Decision to leave de Park Chan-wook

Obsession

Le réalisateur de Stoker et de Mademoiselle a reçu au Festival de Cannes 2022 le Prix de la mise en scène pour Decision to Leave : le cinéaste sud-coréen signe une romance vertigineuse au cœur d’un thriller sophistiqué.

Le film le plus sensuel et le plus érotique de la compétition du 75e Festival de Cannes est aussi le film le plus paradoxal et étrange. Decision to Leave est une histoire d’amour sans sexe apparent, sans corps-à-corps, sans passage à l’acte. La jouissance prend chair autrement : manger des sushis, se passer un lipstick et adoucir des mains calleuses sont des moments de pure extase.
Decision to Leave n’est pas pour autant une romance platonique, œuvre d’un cinéaste cérébral pervers qu’exciterait la chasteté : c’est l’histoire d’un amour sublimé, tragique et dévastateur, jusqu’à la folie et jusqu’à la mort. Un film sur un absolu désir, sur un affolant désir consumant un homme obsédé par une femme dont le spectateur n’est jamais sûr qu’elle ne le piège pas, qu’elle ne le manipule pas. L’homme et la femme se tournent autour, se frôlent, s’aimantent, puis s’esquivent. Ils s’attirent, se regardent, se désirent, puis se retirent. On les dirait prisonniers d’un palais des glaces et des apparences, condamnés à se mouvoir dans un labyrinthe de verre et à se cogner aux illusions de reflets spéculaires.

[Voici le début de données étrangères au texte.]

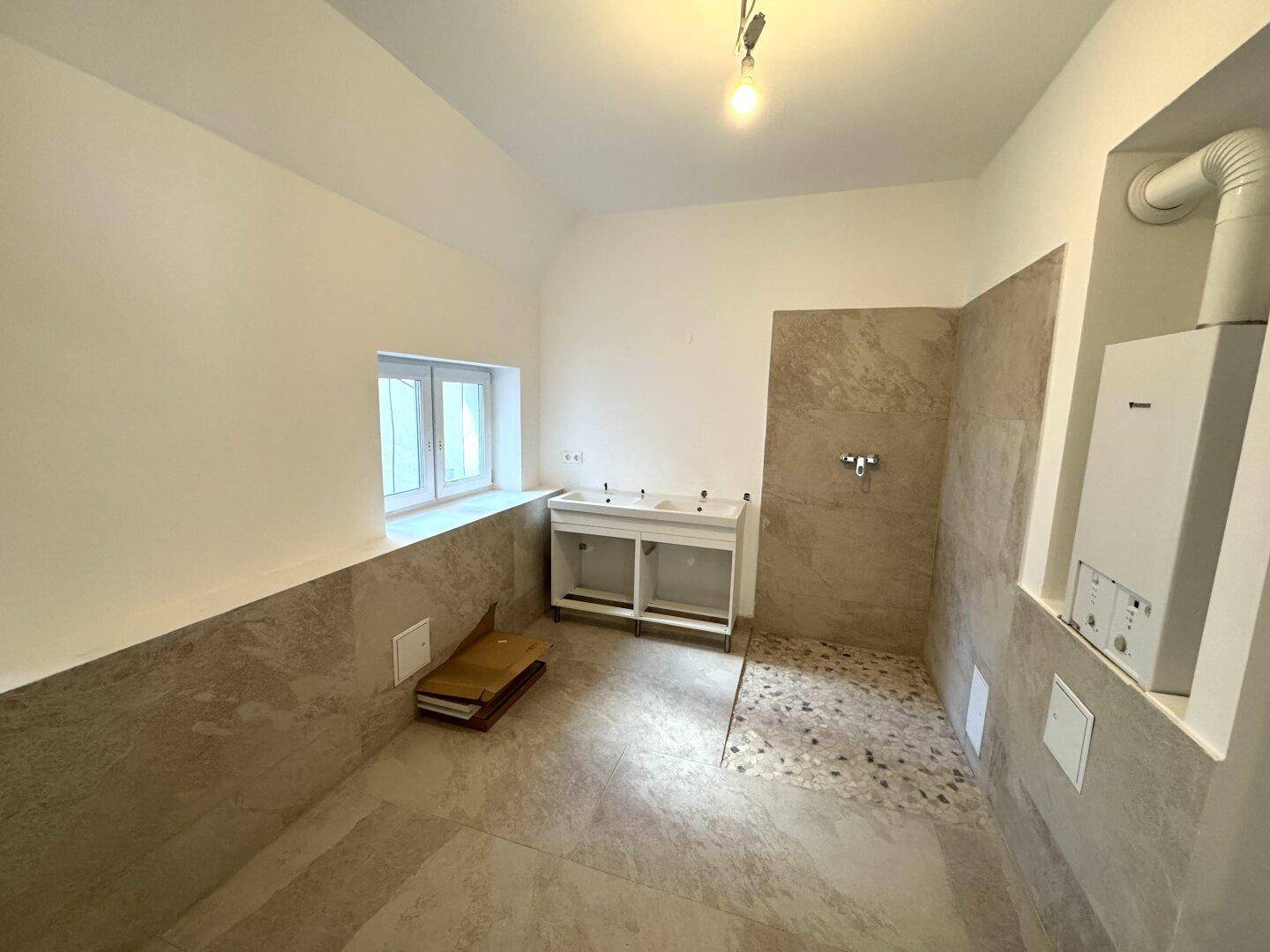 Badezimmer in Renovierung mit beigefarbenen Fliesen, vorbereitet für Doppelwaschbecken und Duschbereich.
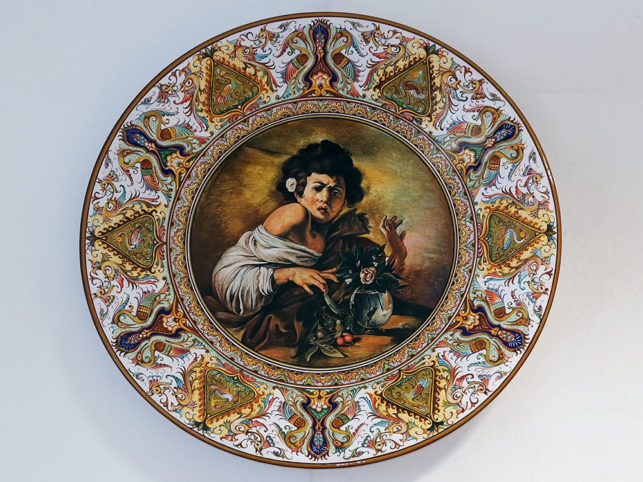 pottery inspired by the Boy bitten by a lizard by Caravaggio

Decision to leave - Bac Films

L’histoire d’amour est intriquée dans un récit policier. Dans une grande confusion de sentiments, écartelé entre son devoir et son attirance, le détective insomniaque Hae-Joon (Park Hae-il, vampirisé) est irrésistiblement attiré par une veuve stoïque, la Chinoise Seo-rae (Tang Wei, fatale), soupçonnée malgré son alibi, son vertige, sa peur du vide, d’avoir tué son mari, retrouvé mort au pied d’une montagne. Cette héroïne impassible, impénétrable, en même temps que volontaire et sûre d’elle-même, est une femme insondable qui offre comme une résistance naturelle au jeu social. Elle avance à couvert, mystérieuse, ne dévoilant aucun sentiment évident : vulnérabilité cachée, émotion intériorisée ou absente, qui sait ? Son hermétisme est aussi inquiétant que fascinant : il laisse toute la place aux suppositions, aux projections, aux fantasmes.
Le romantisme noir du film de Park Chan-wook fait évidemment songer à Sueurs froides d’Alfred Hitchcock, film sur l’amour obsessionnel, sur le désespoir et la solitude.
La question de la culpabilité ou de l’innocence de la femme demeure: est-elle une veuve noire criminelle, au narcissisme contrôlé, trompant son monde en se montrant douce, soumise, dévouée au service de personnes âgées ? Park Chan-wook entretient un suspense très maîtrisé, laissant sa brune hitchcockienne à ses ombres, ne mettant jamais à découvert aucune pulsion mortifère qui attesterait sans aucun doute qu’elle a tué son époux. La vérité résiste, les secrets sont épais. Comme dans ses œuvres précédentes mettant au centre du récit une héroïne, Stoker et Mademoiselle, la femme dans Decision to Leave apparaît comme une puissance ambivalente et troublante. L’actrice Tang Wei est éblouissante sous la direction artistique de Park Chan-wook, magistral metteur en scène.